JAN KLIS

Radziechowy, 30 August 1947

Jan Klis, Radziechowy 672
Żywiec District

To
The Commission for the Investigation
of German Crimes attached to the District
Court in Kraków

Regarding the public display of photographs of SS men from the former personnel of the Auschwitz concentration camp, I report that, while I was a prisoner there between 24 February 1941 and 30 September 1944, in 1943 and 1944 I knew a German called Willy Büllow with the rank of SS-Rottenführer, who was assigned as a guard to Budy, a branch of the Auschwitz camp, which was a farm formed on land left behind by displaced Poles.

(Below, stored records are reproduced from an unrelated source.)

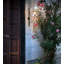 Lyndon 1 - Light Armed Sconce-10416165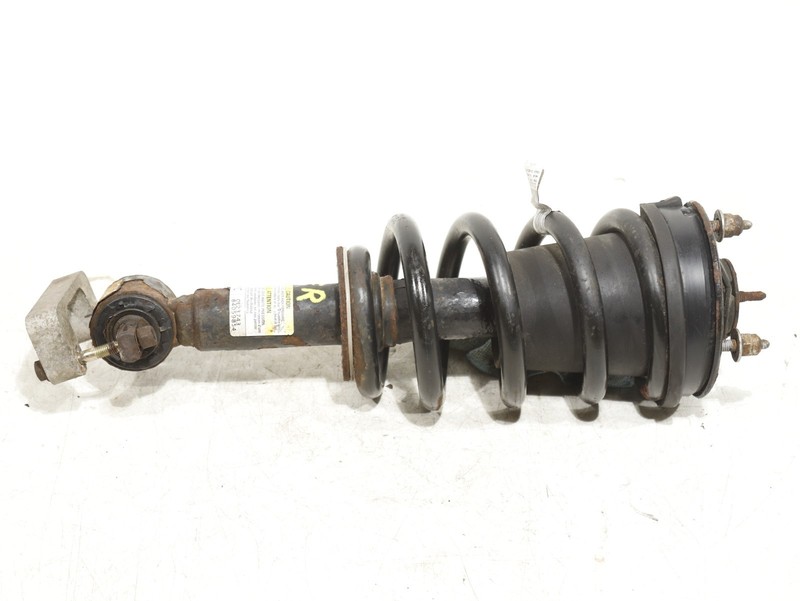 2014-2018 CHEVY Silverado / GMC Sierra 1500 Front RIGHT Shock Strut Absorber OEM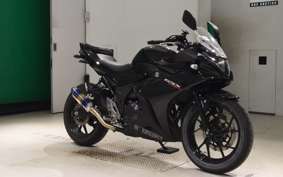 SUZUKI GSX250RA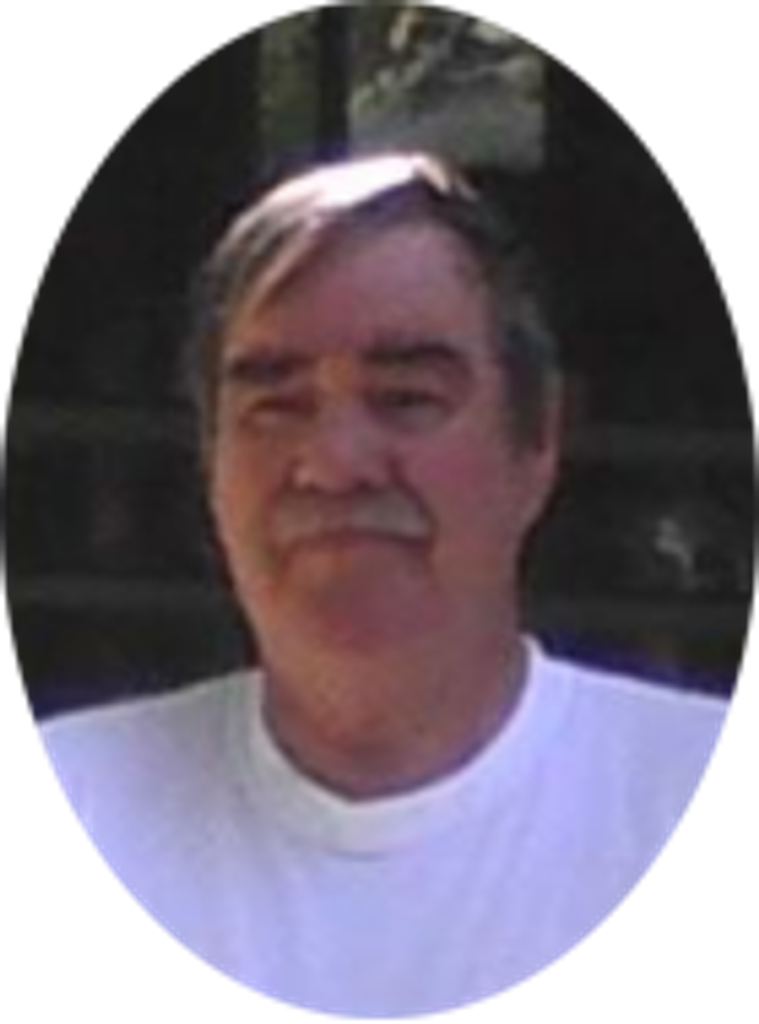 John Warren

The then-commandant of work groups in Budy, SS-Oberscharführer Glaue, would assign Willy Büllow as commandant of the guards or as a guard to the work group where he wanted to obtain the highest work efficiency. In addition to a rifle, Büllow would also carry a thick stick, which he used for beating prisoners without any reason. He abused them in many ways and it was obvious that he really enjoyed it.

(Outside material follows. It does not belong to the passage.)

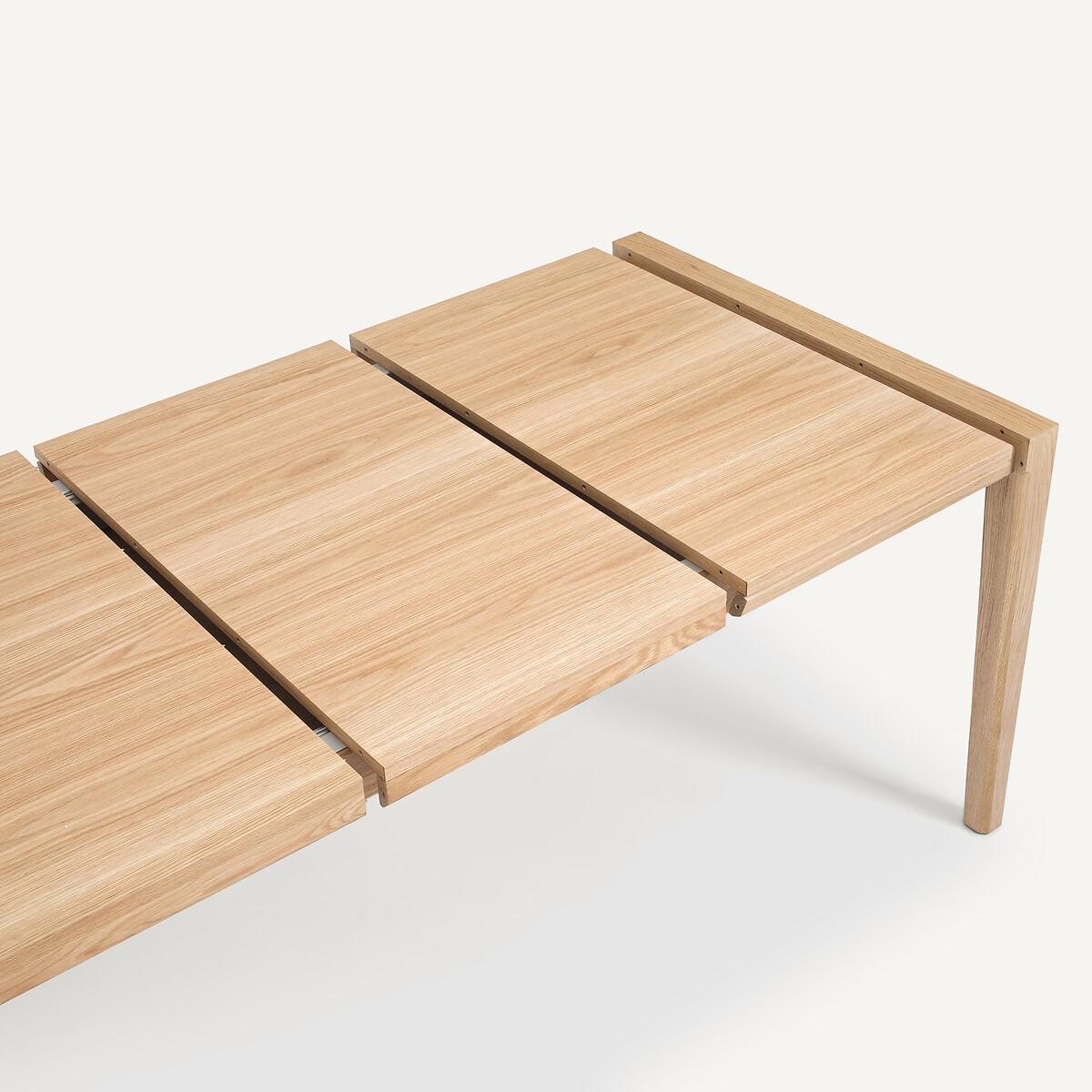 AM.PM Ausziehtisch Nizou  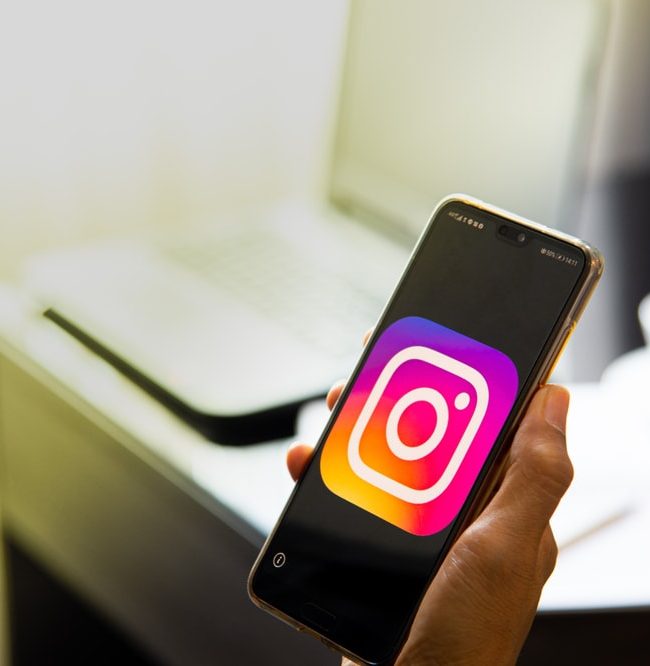How to Get Swipe up on Instagram Without 10k Followers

For example, when working on the construction of a drainage ditch, the prisoners used a beam as a footbridge from one bank to the other. Willy Büllow called over an elderly prisoner, who was weak and came from Hungary. He ordered him to hang a piece of turf around his neck. Then, he ordered the biggest and the heaviest prisoner, who was Greek, to climb the Hungarian prisoner’s shoulders. Büllow made them cross the footbridge, which was 18 centimeters wide, to the other bank of the ditch, which was about six meters deep. While they were trying to cross the footbridge, both prisoners fell into the 1.5-meter ditch, full of mud. They had to repeat this several times, but every time they fell into the muddy ditch. Then, Büllow ordered the Hungarian prisoner to lie on the ground, while the Greek prisoner was told to lie on him and simulate copulation movements.

He made them do it in front of a female prisoners’ work group consisting of 200 people.

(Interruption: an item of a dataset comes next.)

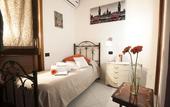 Туры в отель B&B Elena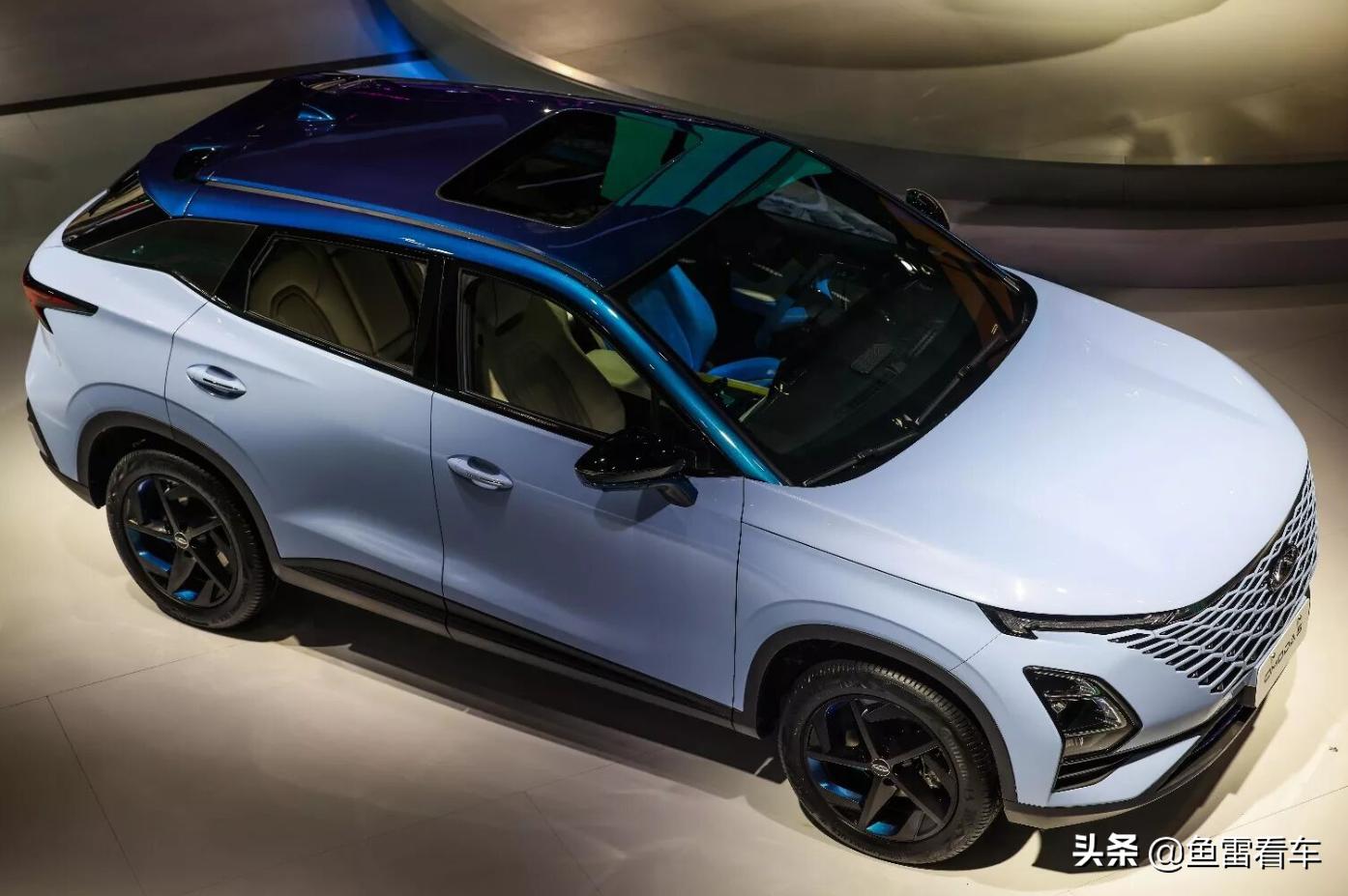 细微之处见真章的后半句,细微之处见真情完整视频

Another time, he gave an order to pour mud over the slope of a ditch and made a prisoner slide down on his stomach into the ditch, lie in the ditch on his stomach and back, do somersaults, sit in the ditch, and hit the mud with a wooden pole. Since the ditch was filled with so-called quicksand, which is water mixed with sand, when the prisoner came out of the ditch he looked like a gypsum statue, covered in mud and blinded.

Büllow did not see prisoners, men or women, as people, and in conversations with other SS men, he treated them as mere objects.

Willy Büllow spread terror among the prisoners in Budy, the Auschwitz camp’s branch.